I finished a whole chapter about eigenvalues, eigenvectors and subspaces which are invariant (w.r.t. a linear operator i.e. a mapping from $V$ to $V$).
I went through lots of theorems and propositions and I understand their proofs well. But I think a question came up which is not covered there. Here it is.
Let's say $V$ is $n$-dimensional vector space over $\mathbb{R}$ ($n$ - natural number). Also, let's say $\phi : V \to V$ is a linear map. Let's say the characteristic polynomial of $\phi$ has real roots $\lambda_1, \lambda_2, \dots, \lambda_k$ with multiplicies $m_1, m_2, \dots, m_k$
Of course this implies
$\sum_1^{k}m_k \le n$
Then (for any $i$), is it true that in $V$ we can find $m_i$ linearly independent eigenvectors corresponding to $\lambda_i$, but we cannot find $m_i+1$ linearly independent eigenvectors corresponding to $\lambda_i$?
I solved a few problems (with actual matrices containing numbers), and that always seems to be the case.

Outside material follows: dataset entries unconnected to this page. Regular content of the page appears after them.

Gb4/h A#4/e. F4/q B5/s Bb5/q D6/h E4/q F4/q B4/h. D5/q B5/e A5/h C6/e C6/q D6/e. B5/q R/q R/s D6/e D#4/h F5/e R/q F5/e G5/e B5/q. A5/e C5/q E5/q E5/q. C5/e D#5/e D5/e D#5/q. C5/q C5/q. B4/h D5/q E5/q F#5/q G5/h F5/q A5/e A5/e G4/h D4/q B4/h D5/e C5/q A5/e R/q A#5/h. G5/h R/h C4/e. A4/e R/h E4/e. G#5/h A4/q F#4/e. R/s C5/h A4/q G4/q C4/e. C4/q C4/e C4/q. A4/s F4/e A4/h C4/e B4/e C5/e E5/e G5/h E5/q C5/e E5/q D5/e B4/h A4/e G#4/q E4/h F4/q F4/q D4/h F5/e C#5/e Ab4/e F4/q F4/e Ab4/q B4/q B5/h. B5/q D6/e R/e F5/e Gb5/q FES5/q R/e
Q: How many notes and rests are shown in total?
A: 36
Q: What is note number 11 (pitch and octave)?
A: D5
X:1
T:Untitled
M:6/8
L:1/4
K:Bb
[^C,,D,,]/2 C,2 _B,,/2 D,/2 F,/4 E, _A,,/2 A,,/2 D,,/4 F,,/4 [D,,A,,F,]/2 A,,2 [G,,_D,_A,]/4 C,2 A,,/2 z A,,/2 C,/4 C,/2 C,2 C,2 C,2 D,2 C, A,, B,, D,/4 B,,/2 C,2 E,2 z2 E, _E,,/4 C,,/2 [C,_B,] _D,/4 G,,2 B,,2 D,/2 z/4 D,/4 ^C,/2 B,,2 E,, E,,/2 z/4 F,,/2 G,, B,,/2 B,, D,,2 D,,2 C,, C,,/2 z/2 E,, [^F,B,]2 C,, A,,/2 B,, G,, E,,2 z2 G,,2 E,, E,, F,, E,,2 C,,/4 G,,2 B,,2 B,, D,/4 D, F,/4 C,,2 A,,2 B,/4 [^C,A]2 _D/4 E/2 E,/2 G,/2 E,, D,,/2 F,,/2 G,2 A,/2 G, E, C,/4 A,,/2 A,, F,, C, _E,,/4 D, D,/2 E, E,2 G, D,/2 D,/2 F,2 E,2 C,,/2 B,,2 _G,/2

E.g. if the characteristic polynomial is divisible by $(x-5)^2$, then I am finding exactly 2 linearly independent eigenvectors corresponding to the eigenvalue 5 (that's because the multiplicity is 2). So basically in that case there's a 2-dimensional $\phi$ invariant subspace of $V$ corresponding to the eigenvalue 5:
$U = \{u : \phi(u) = 5u\}$
$\dim\ U = 2$
But is this always the case? And can $U$ happen to be higher dimensional than $2$ ($2$ being just an example - the multiplicity of the eigenvalue $5$, when viewed as a characteristic root of $\phi$)?
I don't think any of the theorems in that chapter covered these two questions.